Red tide blooms have been rolling along the coastline of southwest Florida since early last fall, and Marco Island has not been immune to their effects.
According to the Florida Fish and Wildlife Conservation Commission, Marco Island started presenting “very low” to “low” concentrations of red tide in early December. By mid-February, those concentrations crept up to “medium” status.
Left in their wake have been wracking, hacking coughs and breathing problems for those on land, and a slow, suffocating death for those under the sea. Dead fish of all varieties — including Goliath Grouper — have been seen floating in canals and washing up on shore. Florida Wildlife Commission is so concerned about the Goliath Grouper mortalities that it has set up a protocol to report the dead fish if observed.
Worse yet, 184 manatees have been found dead within the known red tide bloom boundary. Four of them were recovered from waters around Marco Island: one in Rookery Bay on February 10th; one in Henderson Creek on Febryart 16th; one in Sanctuary Sound on March 4th; and one at Residents’ Beach on March 13th.
“This is a record number of mortalities to date since regular monitoring has occurred,” says Nancy Richie, Environmental Specialist with the City of Marco Island. “The last year it was this bad was in 1998-1999, when around 150 manatees died.”
Red Tide 101
To be sure, the harmful algal bloom known as red tide is nothing new to the southwest coast of Florida.
“Based on reports of extensive fish kills and incidents of shellfish poisoning with unique symptoms, red tides have been documented along Florida’s central west coast since the 1840s — long before extensive settlement — and severe red tides have been observed in each decade since,” explains Bryan Fluech, director of the Florida Sea Grant Collier County Extension.
“Fish kills around Tampa Bay werementioned in the logs of the Spanish explorers. There are specific descriptions of particularly devastating red tides in Florida for 1880, 1917, 1946-1947, 1953, 1971 and 1995,” he adds.
In Florida and the Gulf of Mexico, a naturally-occurring dinoflagellate called Karenia brevis, or K. brevis, causes most red tides. Scientists refer to a K. brevis bloom as a “Florida red tide” to distinguish it from other red tide-producing species.
According to Fluech, red tides develop under the right combination of biology, chemistry and physics, and when these conditions are favorable, K. brevis can reproduce very quickly — every 48 to 120 hours — through cell division, creating a bloom.

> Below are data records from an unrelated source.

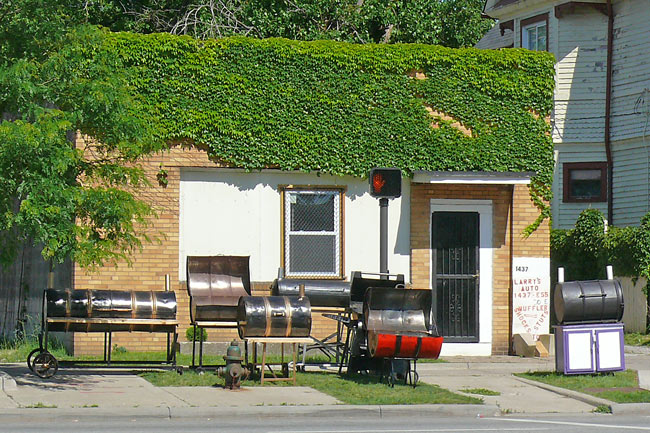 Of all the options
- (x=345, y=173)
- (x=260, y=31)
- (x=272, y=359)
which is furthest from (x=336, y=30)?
(x=272, y=359)

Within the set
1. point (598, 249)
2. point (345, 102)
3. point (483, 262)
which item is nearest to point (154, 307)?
point (345, 102)

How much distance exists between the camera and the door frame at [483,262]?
62.9 feet

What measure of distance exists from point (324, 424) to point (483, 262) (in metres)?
8.19

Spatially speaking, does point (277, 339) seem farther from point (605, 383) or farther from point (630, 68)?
point (630, 68)

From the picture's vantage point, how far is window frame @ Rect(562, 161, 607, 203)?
30609 mm

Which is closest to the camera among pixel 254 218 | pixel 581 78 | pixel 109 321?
pixel 109 321

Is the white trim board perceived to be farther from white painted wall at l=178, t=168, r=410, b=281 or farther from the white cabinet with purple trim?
the white cabinet with purple trim

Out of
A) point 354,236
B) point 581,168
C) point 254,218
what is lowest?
point 354,236

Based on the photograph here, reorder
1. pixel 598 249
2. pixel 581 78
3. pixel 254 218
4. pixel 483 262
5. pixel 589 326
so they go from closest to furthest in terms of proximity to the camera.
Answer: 1. pixel 589 326
2. pixel 254 218
3. pixel 483 262
4. pixel 598 249
5. pixel 581 78

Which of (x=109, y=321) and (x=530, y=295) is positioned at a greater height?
(x=530, y=295)

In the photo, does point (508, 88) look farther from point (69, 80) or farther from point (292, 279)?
point (69, 80)

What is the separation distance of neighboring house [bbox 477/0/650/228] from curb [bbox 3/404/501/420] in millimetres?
17943

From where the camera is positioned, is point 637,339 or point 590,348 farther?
point 637,339

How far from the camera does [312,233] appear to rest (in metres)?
18.8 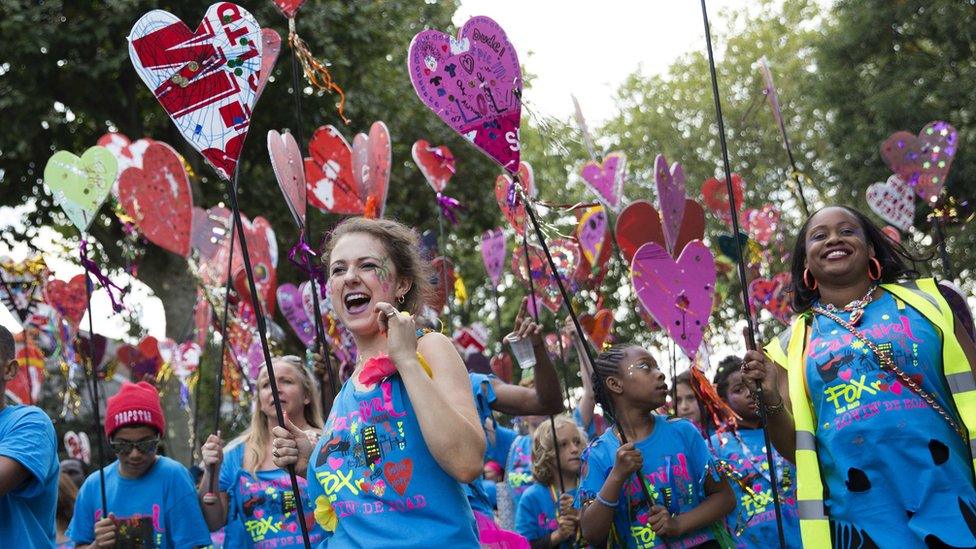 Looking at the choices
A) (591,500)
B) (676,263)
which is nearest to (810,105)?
(676,263)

Depending on the duration and severity of these blooms, they spell big trouble for anyone in their paths for two reasons. First, red tides produce a neurotoxin that inhibits breathing, and second, oxygen is sapped from water when the red tide cells die along with the marine organisms they attack.
In fish, red tide paralyzes the gills and robs them of oxygen. Slow-moving fish and bottom dwellers are most susceptible, but invertebrates such as shrimp and crabs are affected as well. While bivalve species like oysters and clams can filter red tide toxins from their systems after three to six weeks, they are still vulnerable because of the low oxygen levels in the bloom-infested water.

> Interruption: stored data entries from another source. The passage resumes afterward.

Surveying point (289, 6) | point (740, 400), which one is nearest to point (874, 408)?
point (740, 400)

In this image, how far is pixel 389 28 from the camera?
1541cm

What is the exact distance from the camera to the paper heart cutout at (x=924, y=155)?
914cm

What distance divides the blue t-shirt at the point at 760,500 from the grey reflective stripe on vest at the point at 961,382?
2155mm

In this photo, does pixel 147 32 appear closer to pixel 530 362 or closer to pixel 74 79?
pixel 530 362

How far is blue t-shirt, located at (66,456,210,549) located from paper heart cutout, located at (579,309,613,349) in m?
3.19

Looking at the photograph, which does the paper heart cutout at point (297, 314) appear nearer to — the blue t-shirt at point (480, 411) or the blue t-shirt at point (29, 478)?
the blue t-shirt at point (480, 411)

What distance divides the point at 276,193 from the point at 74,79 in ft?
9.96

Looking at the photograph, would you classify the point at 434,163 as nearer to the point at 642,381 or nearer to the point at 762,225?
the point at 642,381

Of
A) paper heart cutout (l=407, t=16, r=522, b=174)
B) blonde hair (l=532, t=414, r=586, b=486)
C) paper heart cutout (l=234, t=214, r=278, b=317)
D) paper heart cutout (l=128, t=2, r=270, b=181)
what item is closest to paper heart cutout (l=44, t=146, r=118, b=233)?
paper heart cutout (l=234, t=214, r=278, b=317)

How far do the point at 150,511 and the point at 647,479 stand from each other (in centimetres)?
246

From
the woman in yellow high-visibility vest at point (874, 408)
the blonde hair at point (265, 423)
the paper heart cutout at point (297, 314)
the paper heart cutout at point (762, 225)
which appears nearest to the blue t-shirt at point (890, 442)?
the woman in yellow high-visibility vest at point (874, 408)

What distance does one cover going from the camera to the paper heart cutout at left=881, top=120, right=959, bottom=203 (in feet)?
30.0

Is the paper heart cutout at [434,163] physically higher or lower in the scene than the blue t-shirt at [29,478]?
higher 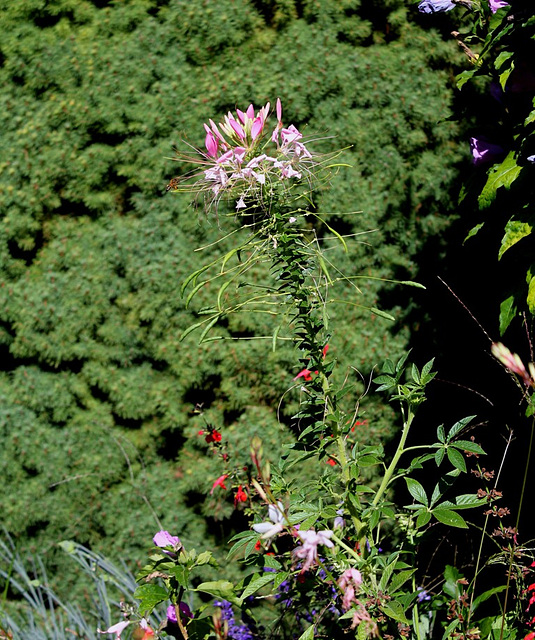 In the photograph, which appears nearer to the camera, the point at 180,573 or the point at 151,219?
the point at 180,573

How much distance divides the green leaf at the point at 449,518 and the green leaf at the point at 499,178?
864 millimetres

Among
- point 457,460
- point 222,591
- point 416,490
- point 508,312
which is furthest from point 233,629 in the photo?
point 508,312

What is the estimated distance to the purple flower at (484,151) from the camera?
1.97m

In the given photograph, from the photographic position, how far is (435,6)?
202 centimetres

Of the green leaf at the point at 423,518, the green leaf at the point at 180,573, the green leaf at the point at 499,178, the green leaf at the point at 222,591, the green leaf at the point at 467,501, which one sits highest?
the green leaf at the point at 499,178

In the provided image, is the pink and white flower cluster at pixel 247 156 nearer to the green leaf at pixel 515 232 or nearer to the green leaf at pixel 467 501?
the green leaf at pixel 515 232

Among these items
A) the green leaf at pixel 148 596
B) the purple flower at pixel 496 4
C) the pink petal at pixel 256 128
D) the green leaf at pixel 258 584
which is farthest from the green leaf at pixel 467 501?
the purple flower at pixel 496 4

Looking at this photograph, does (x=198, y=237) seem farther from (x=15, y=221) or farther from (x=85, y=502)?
(x=85, y=502)

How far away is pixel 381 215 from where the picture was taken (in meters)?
2.76

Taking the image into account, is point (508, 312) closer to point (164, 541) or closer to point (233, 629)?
point (164, 541)

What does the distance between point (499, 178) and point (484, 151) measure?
Answer: 20 cm

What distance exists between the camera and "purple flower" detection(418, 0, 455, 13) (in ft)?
6.58

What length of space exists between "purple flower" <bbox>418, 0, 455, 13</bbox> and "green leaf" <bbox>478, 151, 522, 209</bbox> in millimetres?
538

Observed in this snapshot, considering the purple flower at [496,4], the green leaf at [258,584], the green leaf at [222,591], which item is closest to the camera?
the green leaf at [258,584] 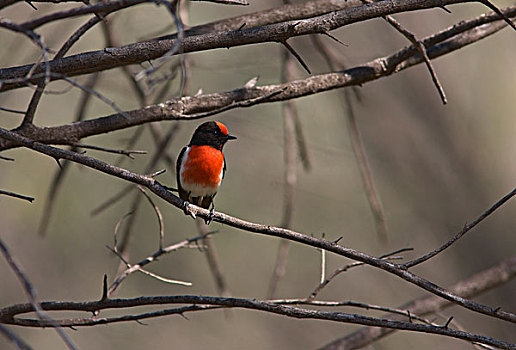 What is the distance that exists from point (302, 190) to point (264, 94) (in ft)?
15.1

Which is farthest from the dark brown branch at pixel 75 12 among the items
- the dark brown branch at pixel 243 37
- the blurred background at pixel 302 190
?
the blurred background at pixel 302 190

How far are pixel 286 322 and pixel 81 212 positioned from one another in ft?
10.0

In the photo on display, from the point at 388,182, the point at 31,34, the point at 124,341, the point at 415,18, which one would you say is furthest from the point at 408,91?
the point at 31,34

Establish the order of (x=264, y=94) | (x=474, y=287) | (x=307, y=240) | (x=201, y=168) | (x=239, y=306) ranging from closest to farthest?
(x=307, y=240) → (x=239, y=306) → (x=264, y=94) → (x=474, y=287) → (x=201, y=168)

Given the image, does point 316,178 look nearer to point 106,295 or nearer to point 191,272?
point 191,272

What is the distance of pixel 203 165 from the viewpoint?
13.6ft

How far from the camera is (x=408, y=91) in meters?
6.50

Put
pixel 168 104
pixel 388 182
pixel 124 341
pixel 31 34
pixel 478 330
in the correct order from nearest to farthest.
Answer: pixel 31 34 < pixel 168 104 < pixel 478 330 < pixel 388 182 < pixel 124 341

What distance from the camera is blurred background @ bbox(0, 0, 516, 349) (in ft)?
20.3

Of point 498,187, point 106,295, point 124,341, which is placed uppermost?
point 498,187

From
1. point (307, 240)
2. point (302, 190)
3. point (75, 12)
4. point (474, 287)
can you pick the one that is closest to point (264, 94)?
point (307, 240)

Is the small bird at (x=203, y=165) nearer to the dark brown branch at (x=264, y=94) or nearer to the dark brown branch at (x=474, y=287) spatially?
the dark brown branch at (x=264, y=94)

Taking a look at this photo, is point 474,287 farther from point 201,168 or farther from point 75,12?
point 75,12

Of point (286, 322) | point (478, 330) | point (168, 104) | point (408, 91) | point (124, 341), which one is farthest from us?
point (286, 322) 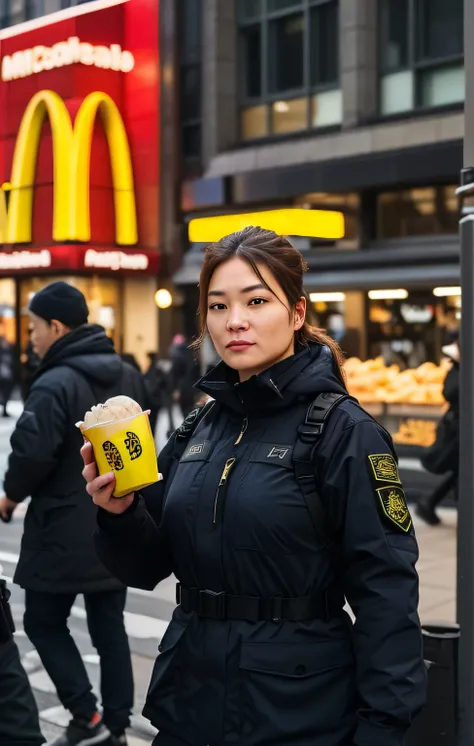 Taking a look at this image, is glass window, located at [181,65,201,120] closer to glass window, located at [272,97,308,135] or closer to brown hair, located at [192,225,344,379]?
glass window, located at [272,97,308,135]

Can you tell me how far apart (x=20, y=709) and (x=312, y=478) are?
3.88 feet

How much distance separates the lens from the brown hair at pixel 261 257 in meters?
2.48

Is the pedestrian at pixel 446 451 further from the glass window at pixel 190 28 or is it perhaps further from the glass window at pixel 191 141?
the glass window at pixel 190 28

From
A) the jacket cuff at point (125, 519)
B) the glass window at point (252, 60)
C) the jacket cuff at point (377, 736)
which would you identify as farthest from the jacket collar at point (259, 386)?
the glass window at point (252, 60)

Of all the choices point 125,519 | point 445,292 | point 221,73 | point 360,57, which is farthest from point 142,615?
point 221,73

Marine mammals such as manatees can be particularly susceptible to red tide events as toxins can be directly inhaled or consumed with aquatic plants. Shorebirds and wading birds also have been victims of red tide toxins.
People — especially those with respiratory problems, such as asthma — are affected too when the red tide toxin goes airborne. “At times in the past, I could definitely feel it in my lungs when I went out to the beach,” notes Fluech. “My wife seems to be more sensitive to theairborne toxins than I. She picked up on it quicker than I did.”
Still, there are some unknowns about red tide.
While some 70% of red tide blooms occur between August and February, the exact combinations of biology, chemistry and physics leading to a bloom’s inception are unclear. Further, there is disagreement between the scientific and environmental communities as to whether red tide blooms are happening more frequently, are more extreme or are fueled by the presence of fertilizers and pesticides in stormwater runoff.
“I think red tide presents a unique educational opportunity for our residents and visitors,” says Fluech. “There is no doubt these events can have negative effects on marine life, human health, as well as our coastal economies. However, they are a natural part of our system like hurricanes, and just like hurricanes, it is important that citizens educate themselves about these events as they will continue to happen in the future.”
To this end, Richie encourages all coastal residents to be aware of what they are putting in the ground and how it impacts the environment. “Especially on Marco Island, surrounded by the Gulf and river, with hundreds of miles of canals, everything is washed to the surface waters,” she notes.
Still, there is good news for Marco Island when it comes to red tide. It has been nearly a month since any red tide was detected in the waters around Marco Island. Moreover, it appears local businesses have survived the tide with few ill effects. According to Sandy Reideman Lazarus, Executive Director the Marco Island Chamber of Commerce, no chamber members have reported any major issues resulting from red tide.
“The beaches have been very busy, but there is concern by visitors and residents alike about how the red tide status can affect their beach days,” says Richie “Every day, the city receives a few phone calls for the latest status.”